Captioned web images
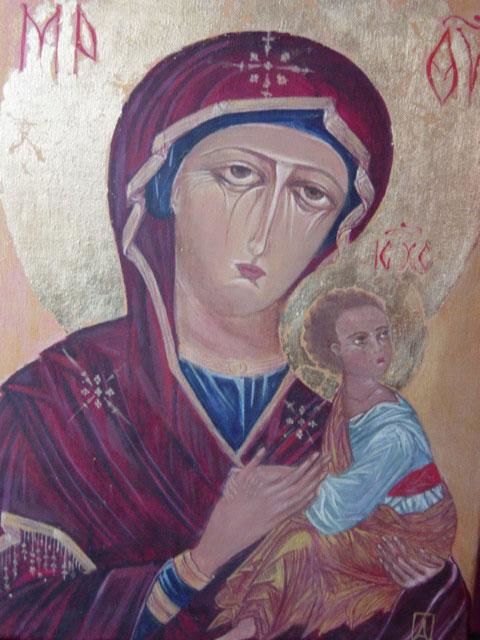 Painting titled "Virgin of Passion" by Alla Poniatovska, Original Artwork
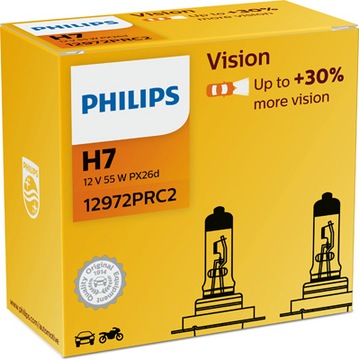 PHILIPS VISION H7 12В 55Вт +30% ЛАМПЫ 2ШТ.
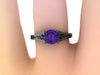 Amethyst Engagement Ring Wedding Ring 14K Black Gold Unique Bridal Ring Filigree Design Fine Jewelry Chrsitmas Gift Edwardian Holiday -V1155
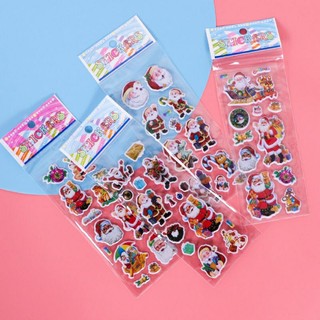 Sticker noel 3D nổi hình nhãn dán trang trí dễ thương/ Sticker giáng sinh, ông già noel, người tuyết quà tặng cho bé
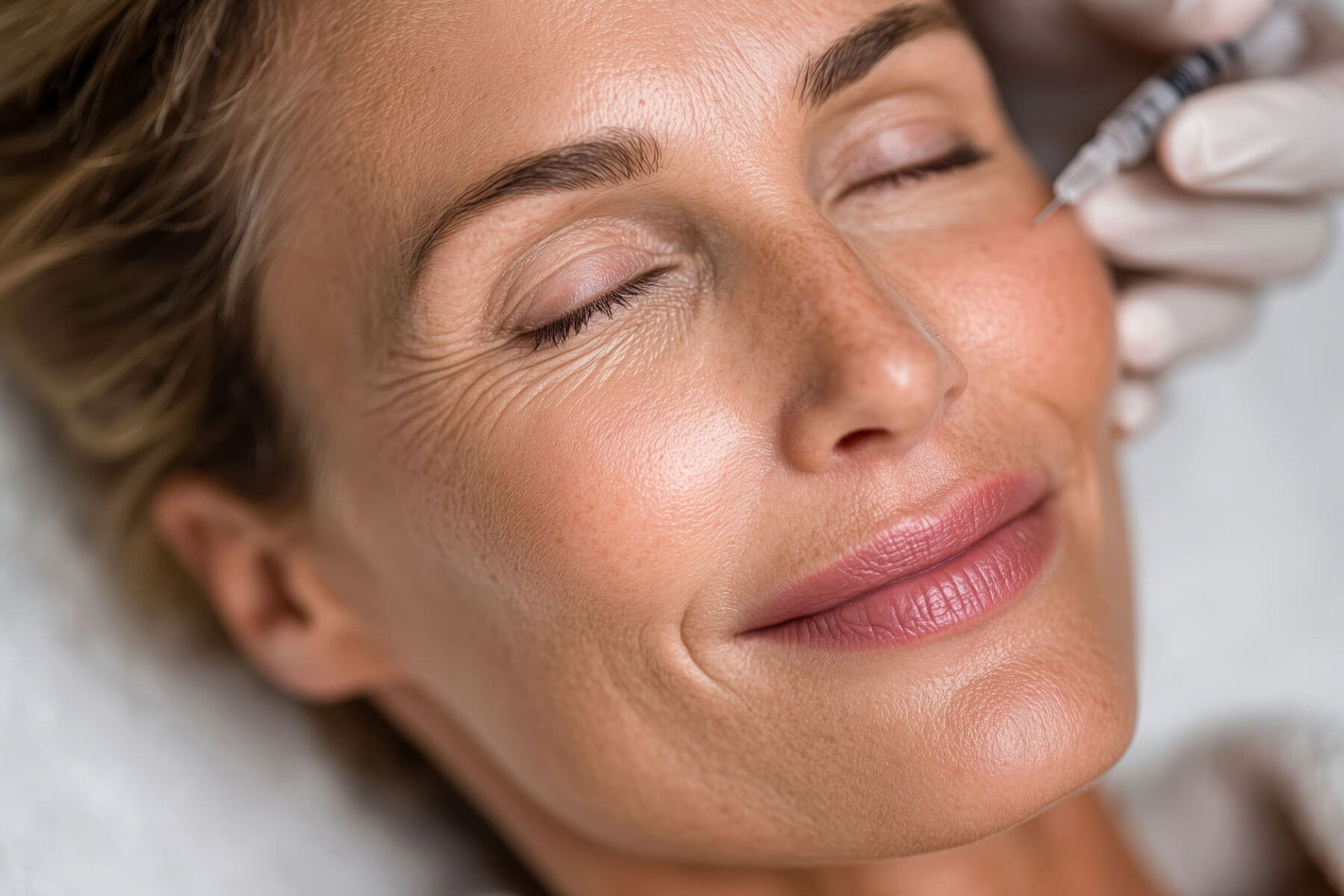 expert administering botox treatment to patient in a serene clinic environment during a cosmetic enhancement session for youthful appearance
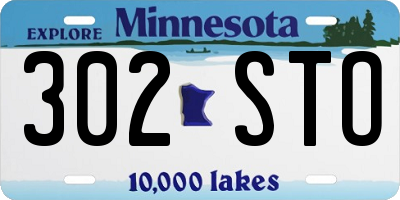 MN license plate 302STO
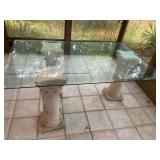 Glass top and pedestal base table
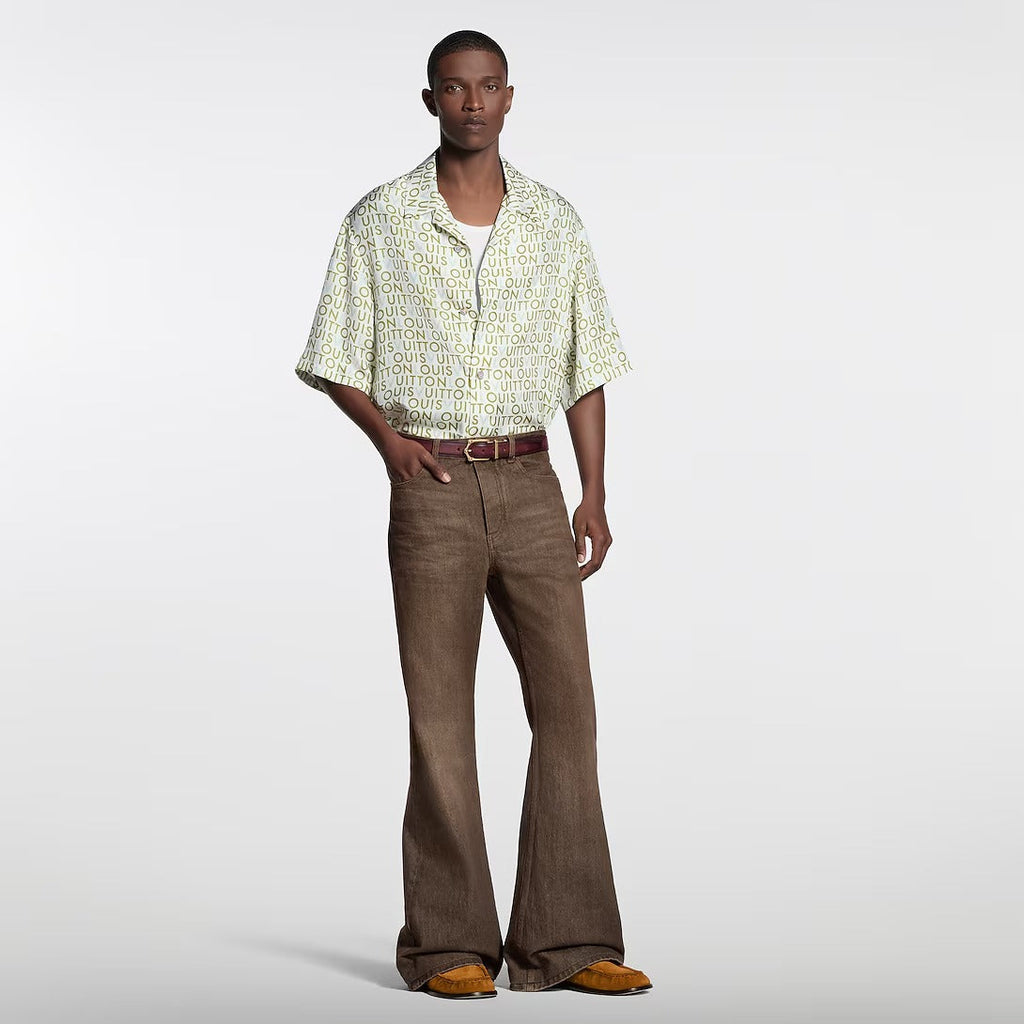 Short-Sleeved Printed Silk Shirt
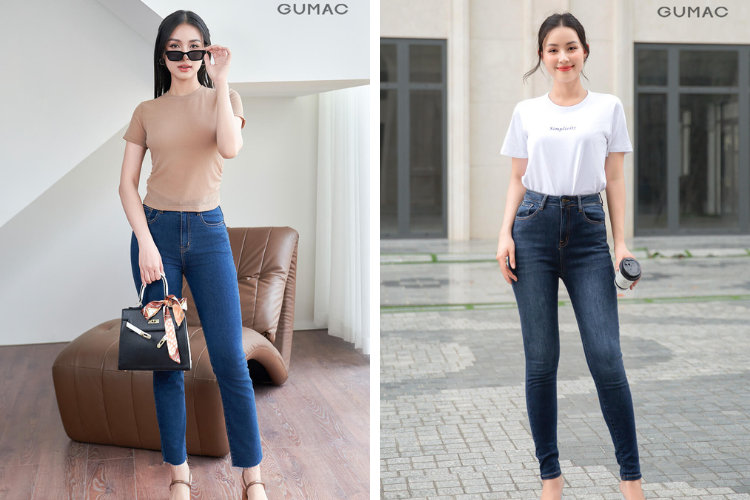 áo thun + quần jean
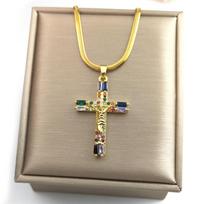 Fashion Zircon Jesus Cross Pendant Necklace for Women Men Gold Plated Shiny Crucifix Colorful Crystal Necklaces Jewelry NGG42 beige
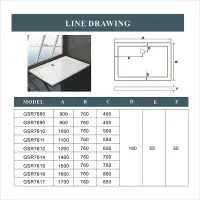 Premium Low Profile Gloss White Stone Resin Rectangular Shower Tray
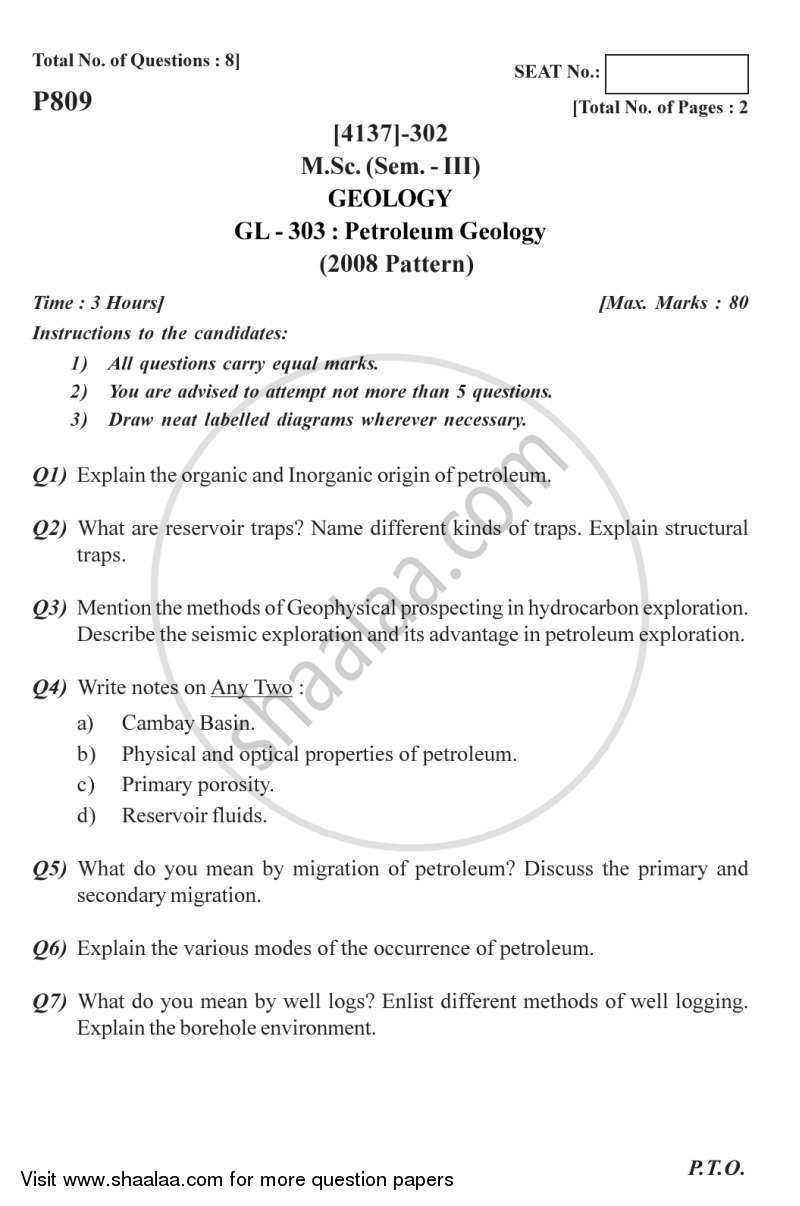 Petroleum Geology 2011-2012 - M.Sc. - Semester 3 - University of Pune question paper with PDF download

WHAT TO PRODUCE: Every entry should be returned exactly as written, minus the pictures.

YOUR RESPONSE:
 Painting titled "Virgin of Passion" by Alla Poniatovska, Original Artwork
 PHILIPS VISION H7 12В 55Вт +30% ЛАМПЫ 2ШТ.
 Amethyst Engagement Ring Wedding Ring 14K Black Gold Unique Bridal Ring Filigree Design Fine Jewelry Chrsitmas Gift Edwardian Holiday -V1155
 Sticker noel 3D nổi hình nhãn dán trang trí dễ thương/ Sticker giáng sinh, ông già noel, người tuyết quà tặng cho bé
 expert administering botox treatment to patient in a serene clinic environment during a cosmetic enhancement session for youthful appearance
 MN license plate 302STO
 Glass top and pedestal base table
 Short-Sleeved Printed Silk Shirt
 áo thun + quần jean
 Fashion Zircon Jesus Cross Pendant Necklace for Women Men Gold Plated Shiny Crucifix Colorful Crystal Necklaces Jewelry NGG42 beige
 Premium Low Profile Gloss White Stone Resin Rectangular Shower Tray
 Petroleum Geology 2011-2012 - M.Sc. - Semester 3 - University of Pune question paper with PDF download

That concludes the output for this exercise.